Margaret Thornton
Last Saturday at Still Waters, I heard a sound I had never heard before, the sound of 30 children, ages 5 -11, turning pages in unison. I had brought copies of my novel Charleston for all the children because I remember how important it was for me as a child to have a book I could write my name in. Stephen asked me to read the last two chapters to the children and asked them to follow along. No chance I thought, and as we sat down, I was wondering how to deal with the inevitable interruptions, loss of attention, chatting with seat mates – how wrong I was. As I read one chapter about a young woman irrationally and desperately looking in familiar places for a man she loved who had just died and another in which she goes to comfort the man’s nine year old son whose mother had abandoned him, there was complete silence, except for the sound of 30 pages being turned at the same time.
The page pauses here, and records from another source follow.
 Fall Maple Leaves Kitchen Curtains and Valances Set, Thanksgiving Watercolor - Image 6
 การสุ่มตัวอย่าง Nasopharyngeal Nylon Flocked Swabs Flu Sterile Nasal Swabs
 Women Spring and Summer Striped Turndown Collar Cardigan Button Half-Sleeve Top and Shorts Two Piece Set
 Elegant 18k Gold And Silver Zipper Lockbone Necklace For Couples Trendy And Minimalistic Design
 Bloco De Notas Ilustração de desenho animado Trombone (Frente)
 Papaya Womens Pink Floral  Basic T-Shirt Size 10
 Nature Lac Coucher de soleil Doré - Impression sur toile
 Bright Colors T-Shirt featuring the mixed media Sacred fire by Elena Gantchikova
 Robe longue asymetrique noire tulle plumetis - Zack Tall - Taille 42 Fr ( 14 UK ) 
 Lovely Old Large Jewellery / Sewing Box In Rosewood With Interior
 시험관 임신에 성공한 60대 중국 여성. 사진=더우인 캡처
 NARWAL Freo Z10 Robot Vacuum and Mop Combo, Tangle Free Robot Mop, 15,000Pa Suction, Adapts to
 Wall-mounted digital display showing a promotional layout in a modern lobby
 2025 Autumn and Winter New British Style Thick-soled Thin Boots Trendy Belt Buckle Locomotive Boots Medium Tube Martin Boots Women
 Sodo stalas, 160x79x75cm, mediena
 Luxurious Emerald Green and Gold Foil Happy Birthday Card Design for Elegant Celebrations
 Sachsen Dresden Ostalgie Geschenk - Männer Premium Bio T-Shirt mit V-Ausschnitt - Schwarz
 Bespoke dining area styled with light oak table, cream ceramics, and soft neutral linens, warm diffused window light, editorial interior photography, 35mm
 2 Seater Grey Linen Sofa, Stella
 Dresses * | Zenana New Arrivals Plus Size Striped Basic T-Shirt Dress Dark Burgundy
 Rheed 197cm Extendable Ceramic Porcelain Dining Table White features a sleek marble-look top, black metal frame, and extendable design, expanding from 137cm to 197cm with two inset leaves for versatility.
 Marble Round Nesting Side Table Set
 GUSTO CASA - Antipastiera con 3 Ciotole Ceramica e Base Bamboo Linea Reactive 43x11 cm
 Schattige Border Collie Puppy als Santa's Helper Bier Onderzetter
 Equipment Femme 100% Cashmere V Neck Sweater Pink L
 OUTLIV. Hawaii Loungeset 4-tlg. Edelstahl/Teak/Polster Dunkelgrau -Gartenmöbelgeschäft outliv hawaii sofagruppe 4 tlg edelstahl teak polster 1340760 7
Afterwards the children wrote their responses to the story – one boy copied a phrase down and wanted to talk about its meaning, another talked about the loss of his beloved green toy car with windshield wipers that worked, another about fear and the beating of her brain, another about being sad and not knowing the reason why. I felt as if I were a guest musician in an orchestra conducted by Stephen who understood that all of these children wanted and deserved to be heard. I was also impressed with the commitment of the children and parents. It would have been easy to decide to stay inside on this day that was so cold and windy and gray that Manhattan looked like a ghost town. But the children came – hungry to take journeys with books. And the parents came – committed to hope for their children.